Tens razão. Pois porventura desejaria quem já é grande ser grande, ou quem já é forte ser forte?

— Impossível, pelo que foi admitido.

— Com efeito, não seria carente disso o que justamente é isso.

— É verdade o que dizes.

— Se, com efeito, mesmo o forte quisesse ser forte, continuou Sócrates, e o rápido ser rápido, e o sadio ser sadio — pois talvez alguém pensasse que nesses e em todos os casos semelhantes os que são tais e têm essas qualidades desejam o que justamente têm, e é para não nos enganarmos que estou dizendo isso — ora, para estes, Agatão, se atinas bem, é forçoso que tenham no momento tudo aquilo que tem, quer queiram, quer não, e isso mesmo, sim, quem é que poderia desejá-lo? Mas quando alguém diz: “Eu, mesmo sadio, desejo ser sadio, e mesmo rico, ser rico, e desejo isso mesmo que tenho”, poderíamos dizer-lhe: “O homem, tu que possuis riqueza, saúde e fortaleza, o que queres é também no futuro possuir esses bens, pois no momento, quer queiras quer não, tu os tens; observa então se, quando dizes “desejo o que tenho comigo”, queres dizer outra coisa senão isso: “quero que o que tenho agora comigo, também no futuro eu o tenha.” Deixaria ele de admitir?

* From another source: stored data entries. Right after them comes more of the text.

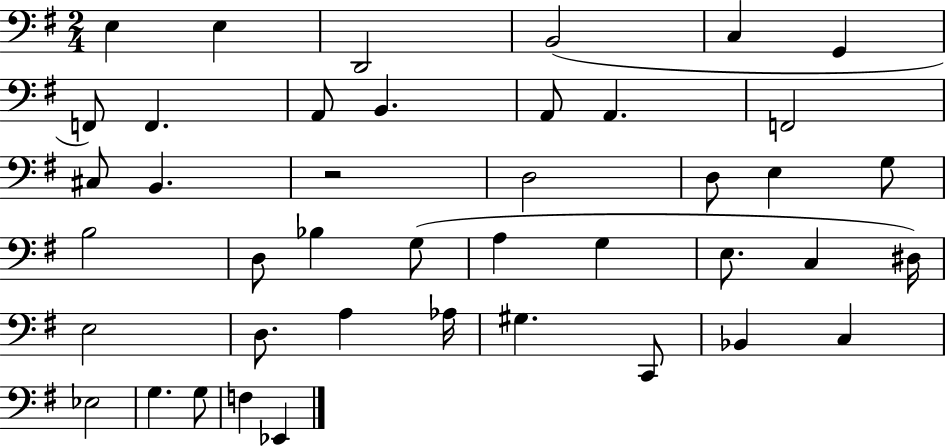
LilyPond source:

{
  \clef bass
  \numericTimeSignature
  \time 2/4
  \key g \major
  \repeat volta 2 { e4 e4 | d,2 | b,2( | c4 g,4 | \break f,8) f,4. | a,8 b,4. | a,8 a,4. | f,2 | \break cis8 b,4. | r2 | d2 | d8 e4 g8 | \break b2 | d8 bes4 g8( | a4 g4 | e8. c4 dis16) | \break e2 | d8. a4 aes16 | gis4. c,8 | bes,4 c4 | \break ees2 | g4. g8 | f4 ees,4 | } \bar "|."
}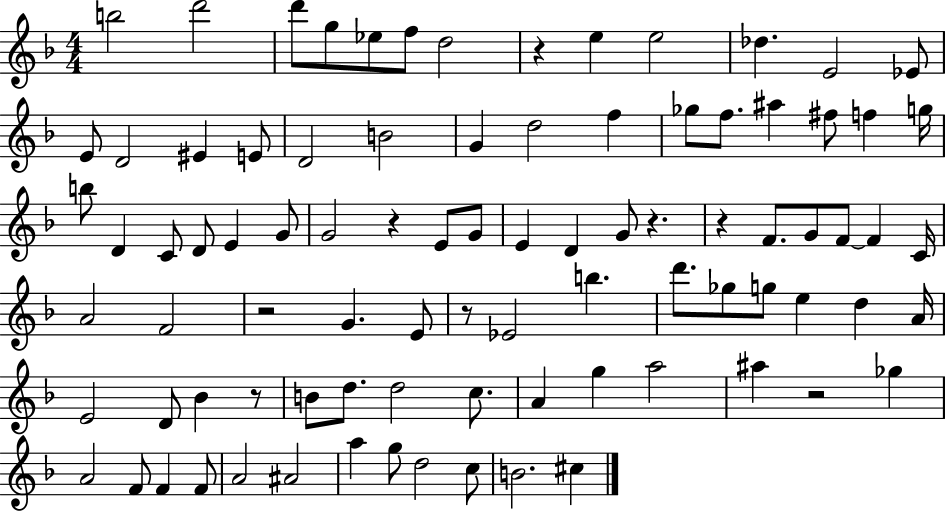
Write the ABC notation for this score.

X:1
T:Untitled
M:4/4
L:1/4
K:F
b2 d'2 d'/2 g/2 _e/2 f/2 d2 z e e2 _d E2 _E/2 E/2 D2 ^E E/2 D2 B2 G d2 f _g/2 f/2 ^a ^f/2 f g/4 b/2 D C/2 D/2 E G/2 G2 z E/2 G/2 E D G/2 z z F/2 G/2 F/2 F C/4 A2 F2 z2 G E/2 z/2 _E2 b d'/2 _g/2 g/2 e d A/4 E2 D/2 _B z/2 B/2 d/2 d2 c/2 A g a2 ^a z2 _g A2 F/2 F F/2 A2 ^A2 a g/2 d2 c/2 B2 ^c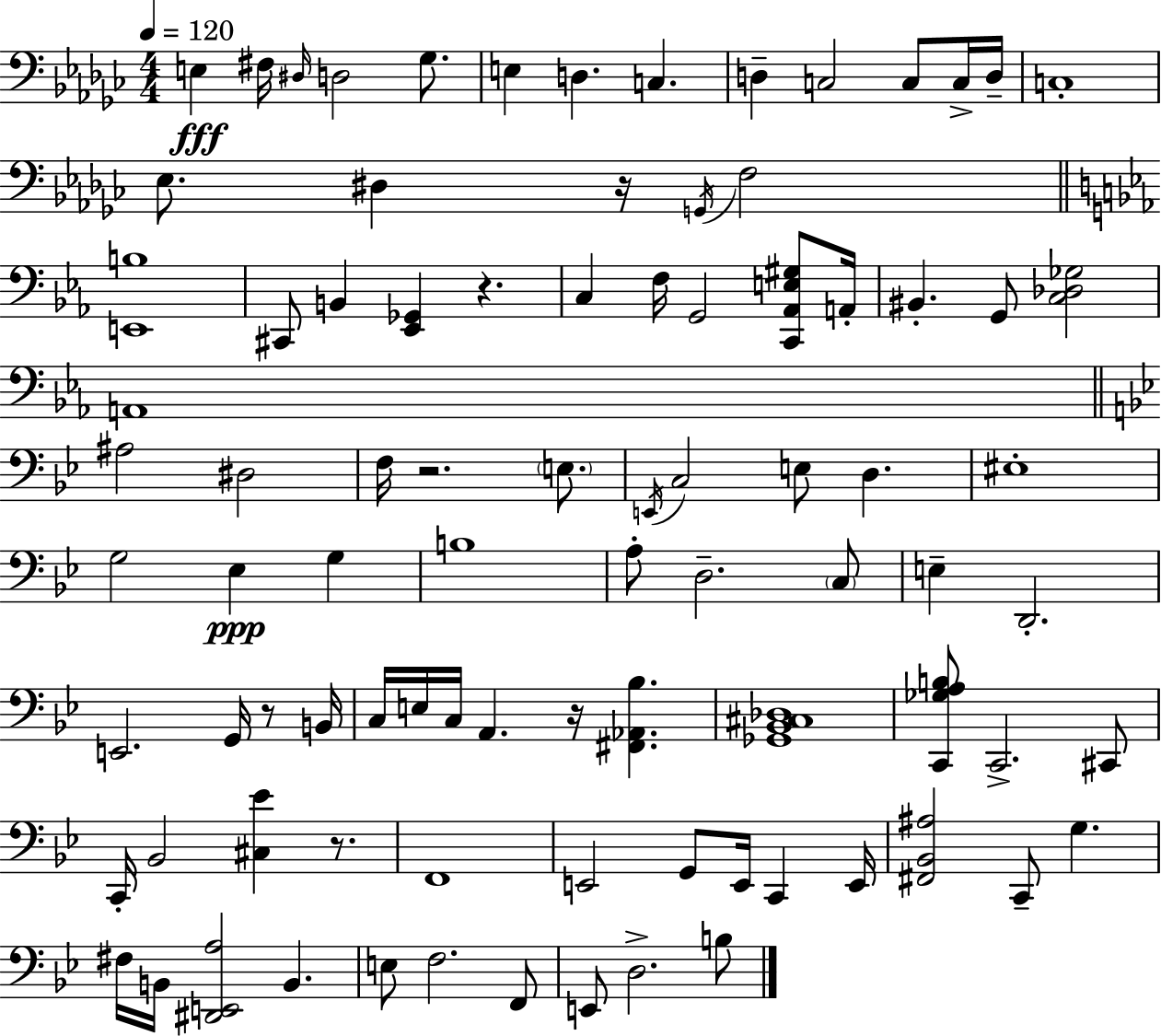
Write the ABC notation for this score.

X:1
T:Untitled
M:4/4
L:1/4
K:Ebm
E, ^F,/4 ^D,/4 D,2 _G,/2 E, D, C, D, C,2 C,/2 C,/4 D,/4 C,4 _E,/2 ^D, z/4 G,,/4 F,2 [E,,B,]4 ^C,,/2 B,, [_E,,_G,,] z C, F,/4 G,,2 [C,,_A,,E,^G,]/2 A,,/4 ^B,, G,,/2 [C,_D,_G,]2 A,,4 ^A,2 ^D,2 F,/4 z2 E,/2 E,,/4 C,2 E,/2 D, ^E,4 G,2 _E, G, B,4 A,/2 D,2 C,/2 E, D,,2 E,,2 G,,/4 z/2 B,,/4 C,/4 E,/4 C,/4 A,, z/4 [^F,,_A,,_B,] [_G,,_B,,^C,_D,]4 [C,,_G,A,B,]/2 C,,2 ^C,,/2 C,,/4 _B,,2 [^C,_E] z/2 F,,4 E,,2 G,,/2 E,,/4 C,, E,,/4 [^F,,_B,,^A,]2 C,,/2 G, ^F,/4 B,,/4 [^D,,E,,A,]2 B,, E,/2 F,2 F,,/2 E,,/2 D,2 B,/2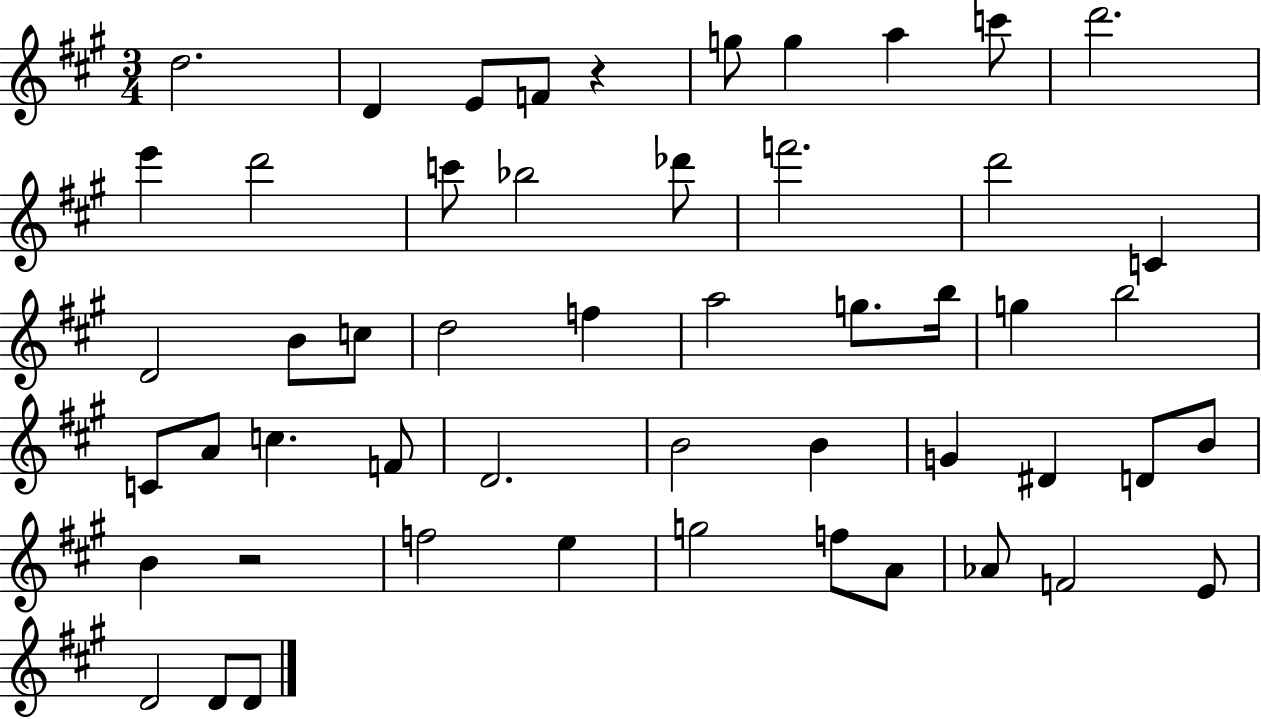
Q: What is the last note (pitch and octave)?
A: D4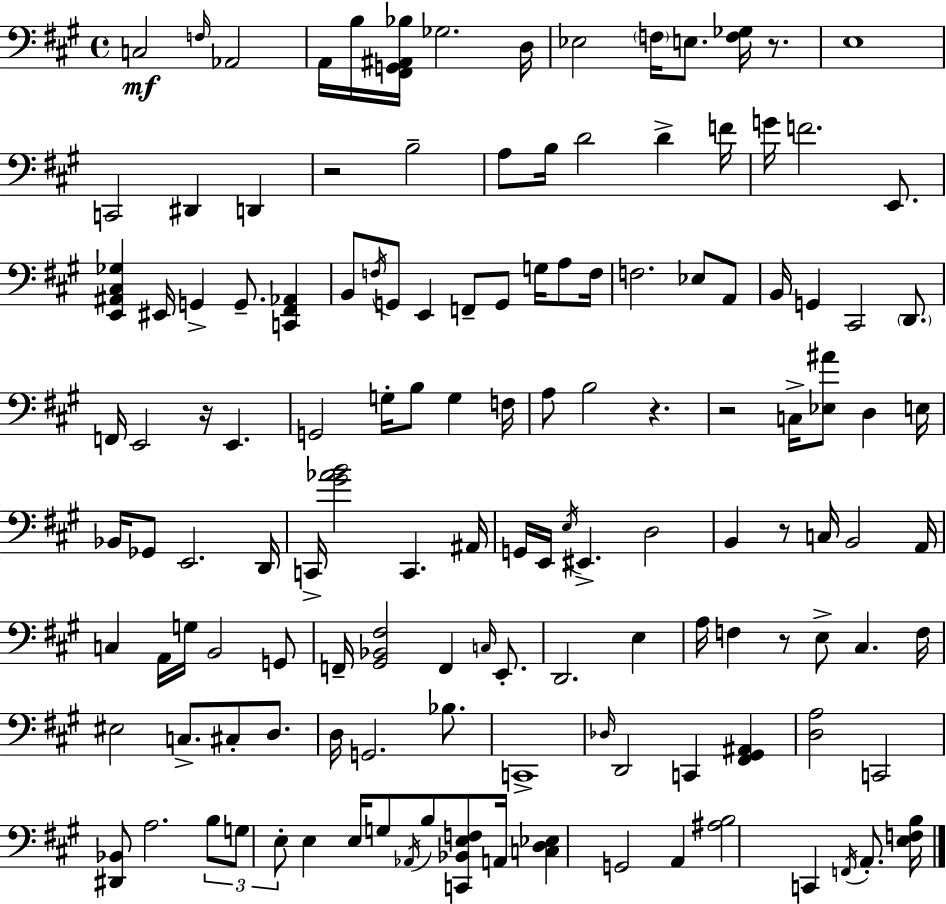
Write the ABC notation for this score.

X:1
T:Untitled
M:4/4
L:1/4
K:A
C,2 F,/4 _A,,2 A,,/4 B,/4 [^F,,G,,^A,,_B,]/4 _G,2 D,/4 _E,2 F,/4 E,/2 [F,_G,]/4 z/2 E,4 C,,2 ^D,, D,, z2 B,2 A,/2 B,/4 D2 D F/4 G/4 F2 E,,/2 [E,,^A,,^C,_G,] ^E,,/4 G,, G,,/2 [C,,^F,,_A,,] B,,/2 F,/4 G,,/2 E,, F,,/2 G,,/2 G,/4 A,/2 F,/4 F,2 _E,/2 A,,/2 B,,/4 G,, ^C,,2 D,,/2 F,,/4 E,,2 z/4 E,, G,,2 G,/4 B,/2 G, F,/4 A,/2 B,2 z z2 C,/4 [_E,^A]/2 D, E,/4 _B,,/4 _G,,/2 E,,2 D,,/4 C,,/4 [^G_AB]2 C,, ^A,,/4 G,,/4 E,,/4 E,/4 ^E,, D,2 B,, z/2 C,/4 B,,2 A,,/4 C, A,,/4 G,/4 B,,2 G,,/2 F,,/4 [^G,,_B,,^F,]2 F,, C,/4 E,,/2 D,,2 E, A,/4 F, z/2 E,/2 ^C, F,/4 ^E,2 C,/2 ^C,/2 D,/2 D,/4 G,,2 _B,/2 C,,4 _D,/4 D,,2 C,, [^F,,^G,,^A,,] [D,A,]2 C,,2 [^D,,_B,,]/2 A,2 B,/2 G,/2 E,/2 E, E,/4 G,/2 _A,,/4 B,/2 [C,,_B,,E,F,]/2 A,,/4 [C,D,_E,] G,,2 A,, [^A,B,]2 C,, F,,/4 A,,/2 [E,F,B,]/4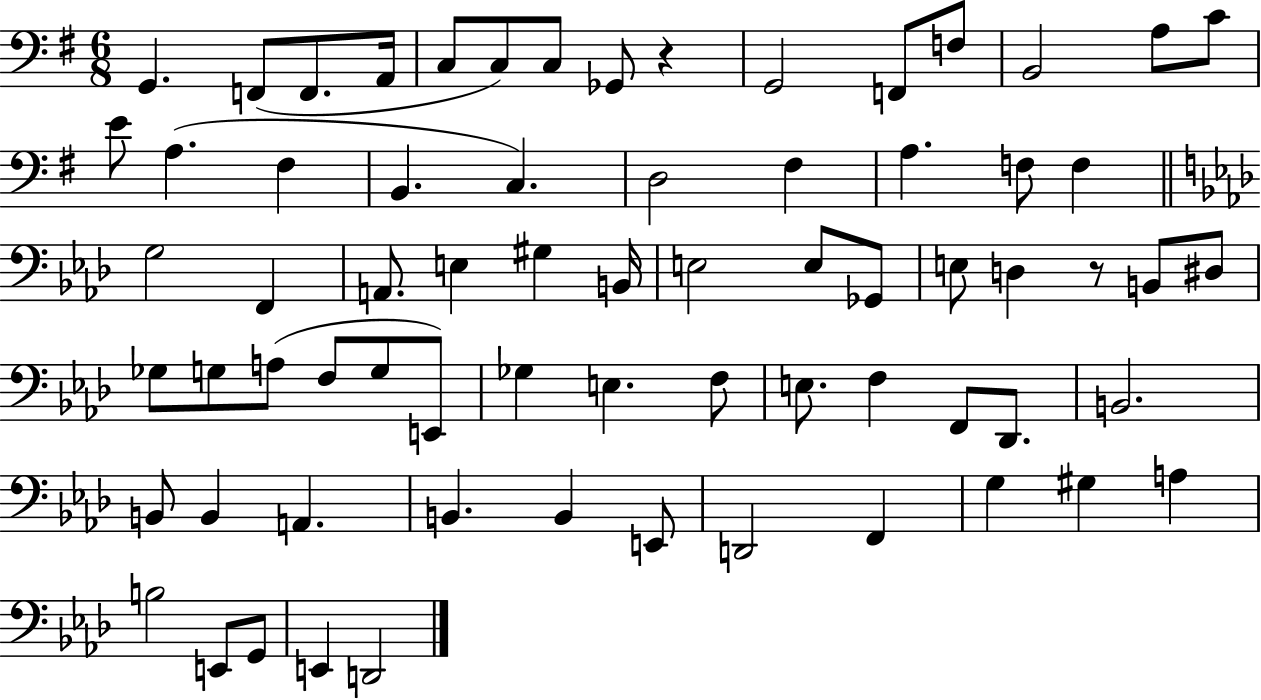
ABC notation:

X:1
T:Untitled
M:6/8
L:1/4
K:G
G,, F,,/2 F,,/2 A,,/4 C,/2 C,/2 C,/2 _G,,/2 z G,,2 F,,/2 F,/2 B,,2 A,/2 C/2 E/2 A, ^F, B,, C, D,2 ^F, A, F,/2 F, G,2 F,, A,,/2 E, ^G, B,,/4 E,2 E,/2 _G,,/2 E,/2 D, z/2 B,,/2 ^D,/2 _G,/2 G,/2 A,/2 F,/2 G,/2 E,,/2 _G, E, F,/2 E,/2 F, F,,/2 _D,,/2 B,,2 B,,/2 B,, A,, B,, B,, E,,/2 D,,2 F,, G, ^G, A, B,2 E,,/2 G,,/2 E,, D,,2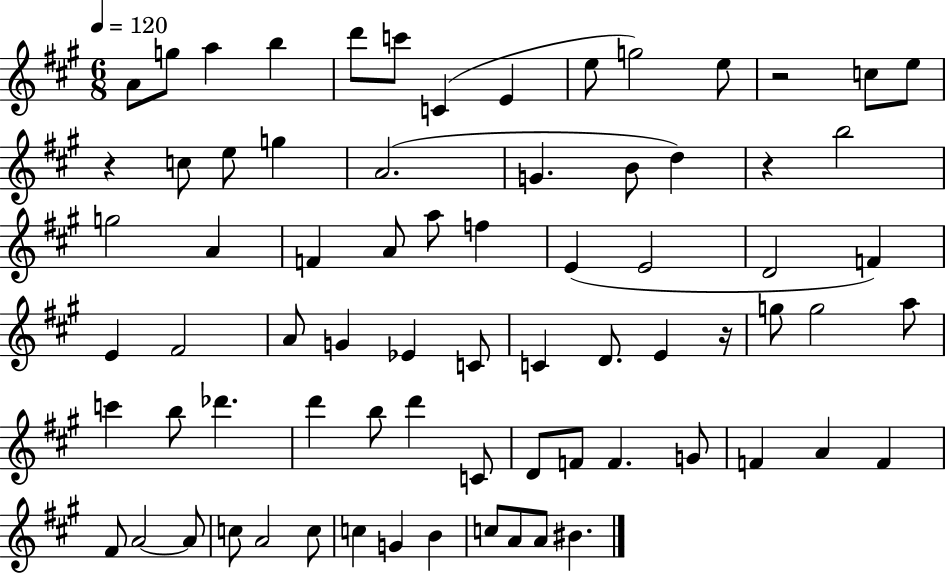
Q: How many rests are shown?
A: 4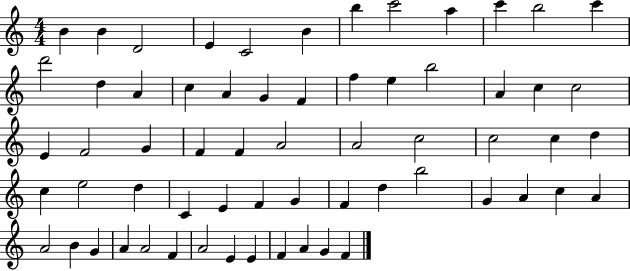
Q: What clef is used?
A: treble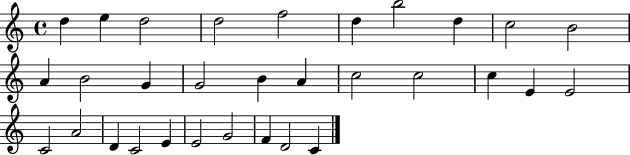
D5/q E5/q D5/h D5/h F5/h D5/q B5/h D5/q C5/h B4/h A4/q B4/h G4/q G4/h B4/q A4/q C5/h C5/h C5/q E4/q E4/h C4/h A4/h D4/q C4/h E4/q E4/h G4/h F4/q D4/h C4/q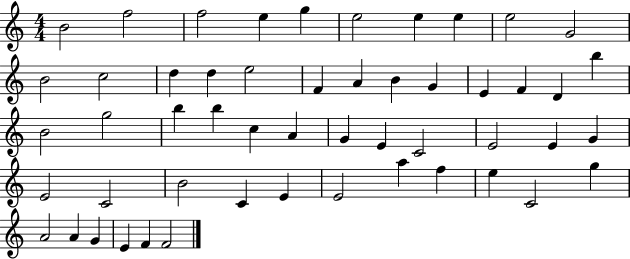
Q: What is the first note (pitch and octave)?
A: B4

Agatão, dizia Aristodemo, estava de acordo.

Disse então Sócrates: — Não é isso então amar o que ainda não está à mão nem se tem, o querer que, para o futuro, seja isso que se tem conservado consigo e presente?

— Perfeitamente — disse Agatão.

— Esse então, como qualquer outro que deseja, deseja o que não está a mão nem consigo, o que não tem, o que não é ele próprio e o de que é carente; tais são mais ou menos as coisas de que há desejo e amor, não é?

— Perfeitamente — disse Agatão.

— Vamos então, continuou Sócrates, recapitulemos o que foi dito. Não é certo que é o Amor, primeiro de certas coisas, e depois, daquelas de que ele tem precisão?

— Sim — disse o outro.

— Depois disso então, lembra-te de que é que em teu discurso disseste ser o Amor; se preferes, eu te lembrarei. Creio, com efeito, que foi mais ou menos assim que disseste, que aos deuses foram arranjadas suas questões através do amor do que é belo, pois do que é feio não havia amor. Não era mais ou menos assim que dizias?

— Sim, com efeito — disse Agatão.

— E acertadamente o dizes, amigo, declarou Sócrates; e se é assim, não é certo que o Amor seria da beleza, mas não da feiúra? Concordou.

— Não está então admitido que aquilo de que é carente e que não tem é o que ele ama?

— Sim — disse ele.

— Carece então de beleza o Amor, e não a tem?

— É forçoso.

— E então? O que carece de beleza e de modo algum a possui, porventura dizes tu que é belo?

— Não, sem dúvida.

— Ainda admites por conseguinte que o Amor é belo, se isso é assim?

E Agatão: — É bem provável, ó Sócrates, que nada sei do que então disse?

— E no entanto, prosseguiu Sócrates, bem que foi belo o que disseste, Agatão. Mas dize-me ainda uma pequena coisa: o que é bom não te parece que também é belo?

— Parece-me, sim.

— Se portanto o Amor é carente do que é belo, e o que é bom é belo, também do que é bom seria ele carente.

— Eu não poderia, ó Sócrates, disse Agatão, contradizer-te; mas seja assim como tu dizes.

— É a verdade, querido Agatão, que não podes contradizer, pois a Sócrates não é nada difícil.